VOGONS


First post, by Darkcrafter07

User metadata
Rank Newbie
Rank
Newbie

Hello there, some might know me by these projects on doomworld:

1. Hell Renaissance - a mapset with repacked mods, hires assets and a custom launcher for Doom;
2. Doom and Doom 2 GENMIDI lumps converted to sound fonts;

Details

Recently I have found a new hobby on building a retro PC out of the one that got in my hands accidentaly it was a 2002 Intel Celeron 1.7GHz, 512MB RAM with 256+256 DDR sticks, with a killed 40GB HDD and no CD-DVD drive.
The FDD was ok so I kept it that way. Later it was disassembled down to a bolt and washed out with chemicals and dryed out. HDD was replaced to Maxtor 250GB via some 5$ chinesse SATA to IDE adapter which works really nice,
even though that motherboard has two SATA connectors, the hardrive lagged very hard and what's even more strange, Windows XP installer didn't detect it.

I was able to scrap just a tad bit newer motherboard which also came with Intel Celeron 2.4GHz a bent off NVIDIA FX5500 video card with a fan torn off.
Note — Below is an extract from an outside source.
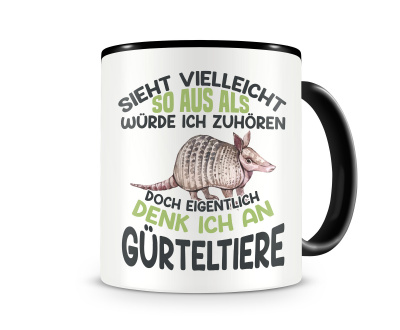 Tasse mit dem Motiv Sieht vielleicht so aus Grteltiere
So some capacitors were replaced, holes drilled gently in the video card
(barbaric!) and a system fan mounted on thin wire so that it works, now firmly installed in the motherboar and no short circuiting occurs in the AGP slot.
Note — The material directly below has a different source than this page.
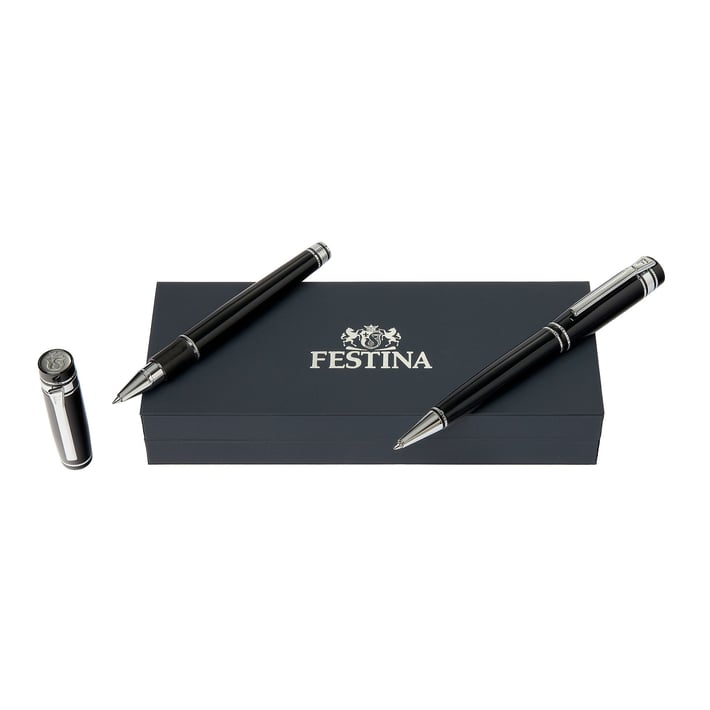 Festina Комплект ролер и химикалка Bold Classic, в кутия, черни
The HDD was partitioned to 2 parts, both formated in FAT32 and dual booted via "BootMagic" software to Windows 98SE and Windows XP SP3 so that when one system is working it doesn't see other logical drive.
This way it's no more possible for Windows XP "bootsect.dos" to be spoiled as it needs to be written in the sector #0 and a chance to lose an capability to run Windows 98 is decreasing a lot.

So far it's a nice PC for old software and games and the only thing it lacks now is a proper OPL3 sounding which I can't imagine a retro PC without as I had "ESS AudioDrive 1868WDM" when I was a kid.
This PC is capable to run DosBox v074 and such games like Doom work on it like it was a DX2-80MHz 486, of course Quake works as well but speed still suffers, well, if Quake is run under Win98 then this machine is way too fast for it,
it's only pure DOS that runs it without a compromise and it's the game that causes no issues at all - as it detects NVIDIA card and provides video modes up to 1280x1024 (25 fps).
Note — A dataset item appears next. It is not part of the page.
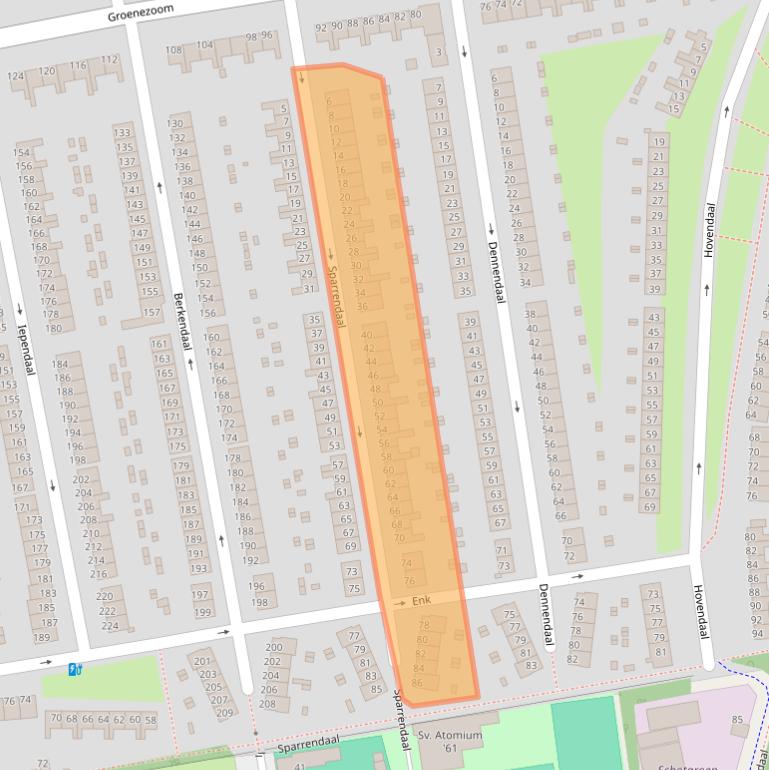 Kaart van postcodegebied 3075ZM.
I wouldn't really bother with building a retro PC if I had to use just DosBox, PCem or 86box as I wanted to get my hands on the real thing.

It's just a couple of days ago I could finally setup "SBEMU" under MS-DOS7.10 so that it would work in protected and real modes on SiS Realtek AC'97 chip. Some games like Dune2 can't run as they can't pull any XMS memory out of it.
All Doom games and Heretic, Quake, Quake2 DOS, Duke Nukem 3D work both with sound and music that way but as soon as mouse starts moving it starts behaving like if somebody pressed keyboard keys and never released them, be it SBEMU setup or pure DOS. At least SBEMU works and I'm really glad things like this exist.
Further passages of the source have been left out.